Type of dumplings in Balto-Slavic cuisines

Kalduny or kolduny (калдуны́, kołduny, koldūnai) are dumplings stuffed with meat, mushrooms or other ingredients, made in Belarusian, Lithuanian, and Polish cuisines, akin to the Polish pierogi, Russian pelmeni and the Ukrainian varenyky.

In Slavic languages the word means “magicians” or “sorcerers”, but it is unclear how the word became associated with the dish.

==Description==
Kalduny, dumplings of unleavened dough filled with meat, mushrooms, or other stuffings, are related to similar dishes in the West and in the East alike, from Italian ravioli, Hungarian derelye, and Ashkenazi Jewish pirogen to Russian pelmeni and Central Asian manti or chuchvara.

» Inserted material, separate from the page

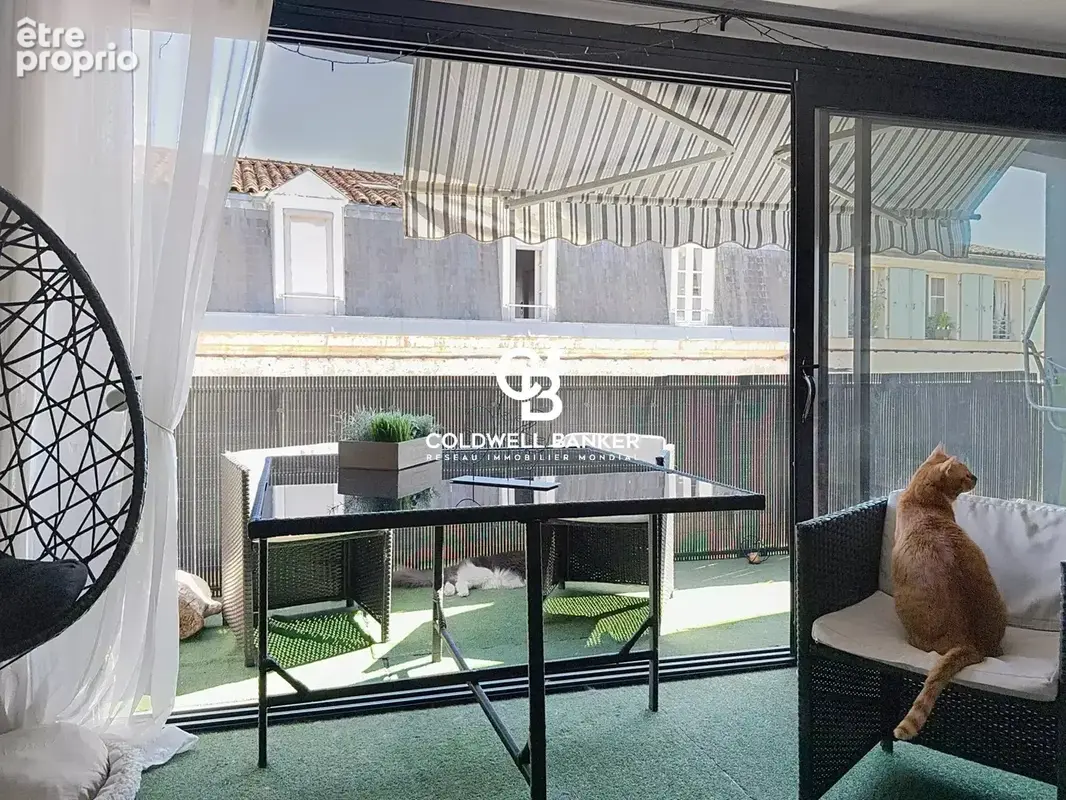 Appartement d'exception 190 m² avec balcons – Saintes centre-ville - photo 5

Kalduny made with a stuffing of smoked ham and mushrooms (Kalduny Count Tyshkevich, named after a Belarusian noble family from Lahojsk near Minsk) were long considered Belarus's “visiting card”, although decades of Soviet rule almost erased their trace from public memory and now they are only served in a few local restaurants. Currently the Russian pelmeni and the Ukrainian vareniki are served in more restaurants.

The simplest dough for kalduny is made of flour mixed with tepid water, eggs, and some salt. In some recipes the dough for kalduny is mixed with onion juice, not water. Kalduny dough should be soft but elastic, easy to stretch and to seal into a pocket around a dollop of filling. Like other pastry doughs, it has to be allowed to rest, covered with a dish towel or a cloth so as not to dry out. Kalduny are usually boiled in a big shallow casserole at low heat, in well-salted water. Instead of boiling in water, kalduny may be boiled directly in a soup, in which they are then served. Some varieties are baked or fried. Polesie-style kalduny, with a stuffing of boiled river fish and hard-boiled eggs, are fried. A variety known in Russian cuisine as kundyumy (кундюмы) is never boiled: the mushroom-filled dumplings are baked in a crock pot in the oven or fried.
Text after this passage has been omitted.